If you were able to look at a timeline of American culture throughout the 20th century, you would get a lot of visual information and perspective. The shifting and growing of brands, the changes in design trends, and one of the starkest indicators, the evolution of fashion. But equally as informative as the variables in this picture of Western values are those elements that remain static. And one of those barely changing images is the face of a girl clad in every stylish trend from 1969 onwards: Barbie.

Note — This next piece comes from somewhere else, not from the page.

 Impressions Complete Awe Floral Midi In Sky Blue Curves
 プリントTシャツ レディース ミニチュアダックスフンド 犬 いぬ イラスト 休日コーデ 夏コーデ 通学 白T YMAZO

More often than not found on bedroom floors, toy chests, and the shelves of stores, Montréal’s “Barbie Expo” now finds over 1000 unique versions of the iconic doll posed in sterile glass displays. There can be something bleak about the image of beloved toys now occupying the space of collector’s items in crisp white exhibits, but it is not a large gap to bridge here. Situated in the Les Cours Mont-Royal shopping mall, there is little difference between walking into the “Barbie Expo” and walking into one of the stores. The exhibit space feels like an odd mix between a high-end shopping mall’s lounge area (complete with a bubbling fountain in the centre), and an examination of designer fashion. Which is exactly what the installation markets itself as: “A magical exhibition of haute couture by the leading fashion designers.”
It’s definitely easy to see Barbie’s prevalence in relation to fashion, both high and general. Travelling along the shelves, you find names of high profile fashion designers (Ralph Lauren, Kimora Lee Simmons), representations of fashion trailblazers (Grace Kelly, Beyoncé) , decades’ worth of clothing trends, classic works of art in dress form, as well as many facets of pop culture- The Wizard of Oz, Wonder Woman, Star Trek, as well as a case full of Elvis Presleys to name a few. It’s a truly overwhelming expanse of snapshots into America, all immortalized in plastic. But the cultural window of the “Barbie Expo” also pushes its scope to international proportions, Barbie’s from across the world displayed across entire walls of the exhibit. From Alaska to the Philippines and Ghana to India, it’s refreshing to have these perspectives on fashion from cultures and peoples that you might not find represented at your local toy store.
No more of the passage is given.